[WHAT TO DO]: The lines to copy run from the one containing "<b>7207 Buffalo Building" to the end of the listing. Please write them out exactly, minus the pictures.

=== INPUT DATA ===

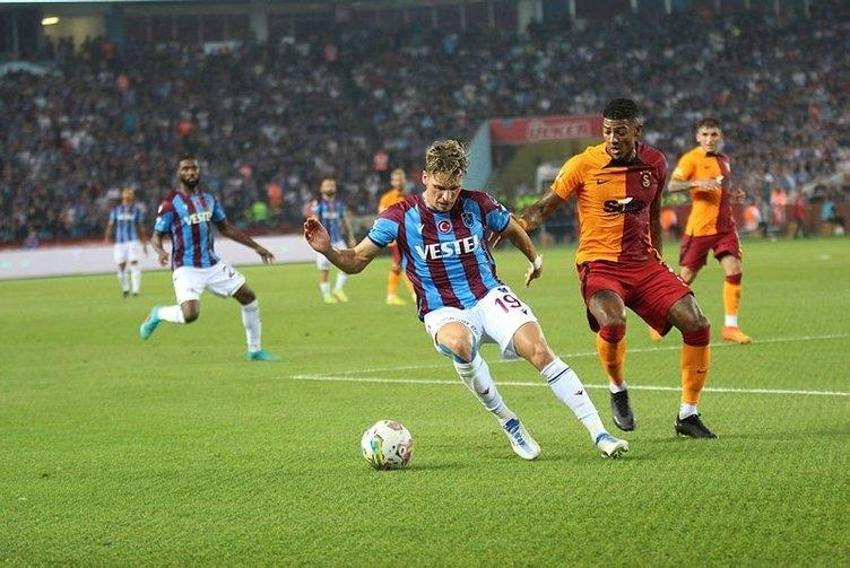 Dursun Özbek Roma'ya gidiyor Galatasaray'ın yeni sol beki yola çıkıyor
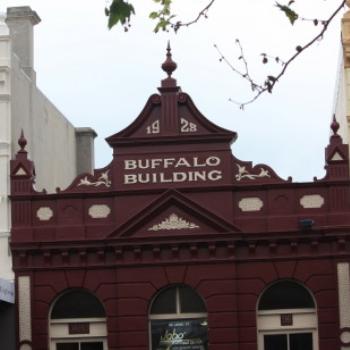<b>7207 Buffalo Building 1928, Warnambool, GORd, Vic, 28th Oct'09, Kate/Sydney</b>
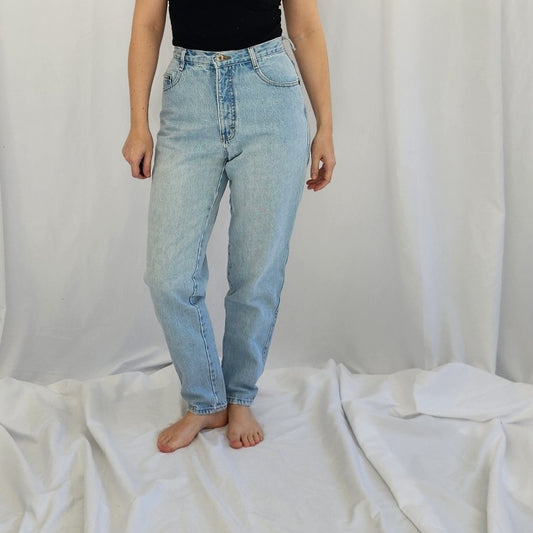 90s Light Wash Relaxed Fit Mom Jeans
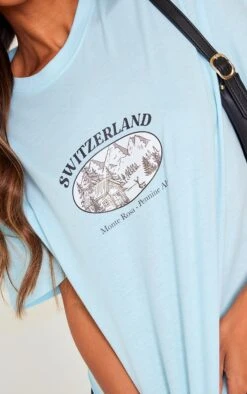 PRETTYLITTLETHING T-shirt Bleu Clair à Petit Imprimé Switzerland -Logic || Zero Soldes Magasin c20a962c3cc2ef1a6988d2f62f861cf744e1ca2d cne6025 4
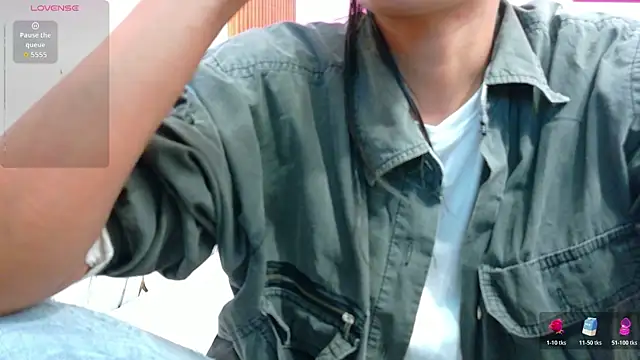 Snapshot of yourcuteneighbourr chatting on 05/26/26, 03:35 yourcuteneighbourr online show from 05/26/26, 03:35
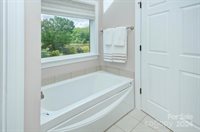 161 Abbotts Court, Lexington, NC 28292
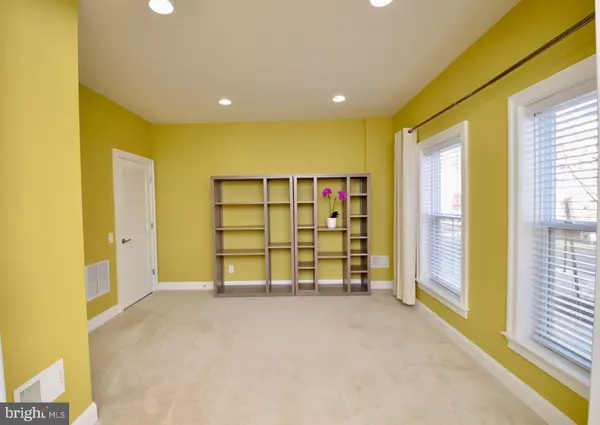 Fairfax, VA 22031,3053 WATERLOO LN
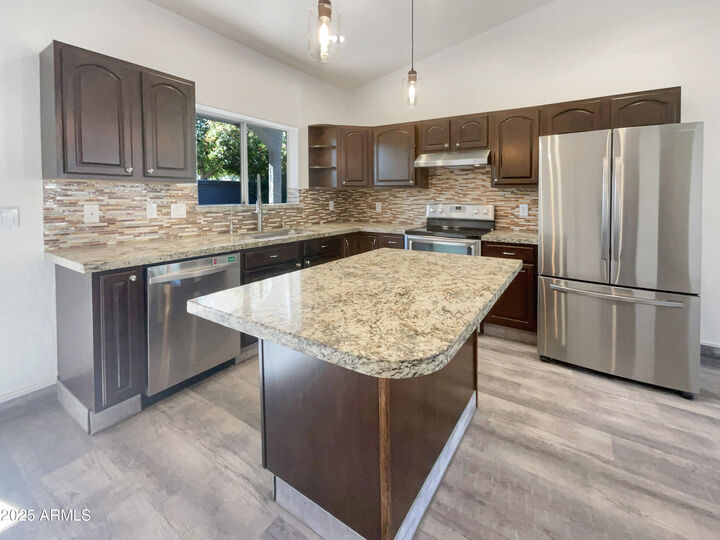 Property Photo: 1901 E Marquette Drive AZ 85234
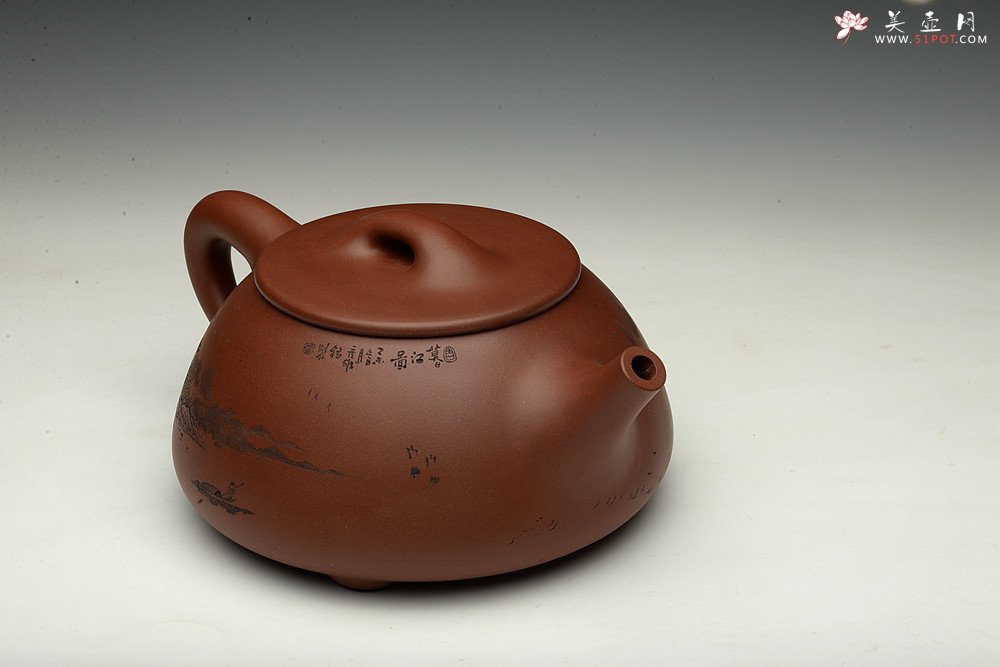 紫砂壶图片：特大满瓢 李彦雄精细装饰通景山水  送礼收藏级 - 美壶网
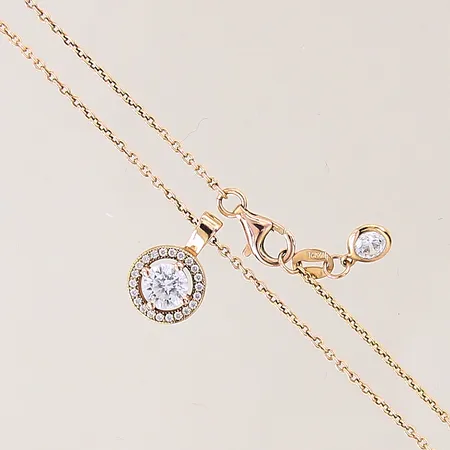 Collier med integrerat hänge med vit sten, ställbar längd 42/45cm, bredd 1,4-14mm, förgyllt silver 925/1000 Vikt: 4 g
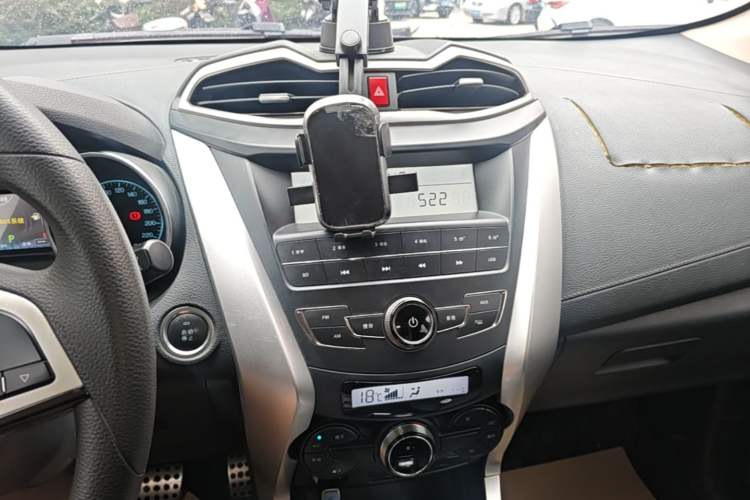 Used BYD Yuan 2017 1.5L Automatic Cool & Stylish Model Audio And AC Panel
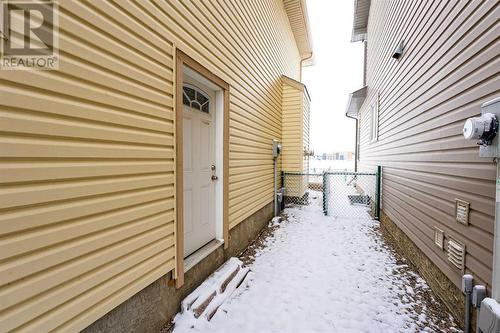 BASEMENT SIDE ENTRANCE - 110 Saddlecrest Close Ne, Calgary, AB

===

[ANSWER TO THIS PROBLEM]:
<b>7207 Buffalo Building 1928, Warnambool, GORd, Vic, 28th Oct'09, Kate/Sydney</b>
 90s Light Wash Relaxed Fit Mom Jeans
 PRETTYLITTLETHING T-shirt Bleu Clair à Petit Imprimé Switzerland -Logic || Zero Soldes Magasin c20a962c3cc2ef1a6988d2f62f861cf744e1ca2d cne6025 4
 Snapshot of yourcuteneighbourr chatting on 05/26/26, 03:35 yourcuteneighbourr online show from 05/26/26, 03:35
 161 Abbotts Court, Lexington, NC 28292
 Fairfax, VA 22031,3053 WATERLOO LN
 Property Photo: 1901 E Marquette Drive AZ 85234
 紫砂壶图片：特大满瓢 李彦雄精细装饰通景山水  送礼收藏级 - 美壶网
 Collier med integrerat hänge med vit sten, ställbar längd 42/45cm, bredd 1,4-14mm, förgyllt silver 925/1000 Vikt: 4 g
 Used BYD Yuan 2017 1.5L Automatic Cool & Stylish Model Audio And AC Panel
 BASEMENT SIDE ENTRANCE - 110 Saddlecrest Close Ne, Calgary, AB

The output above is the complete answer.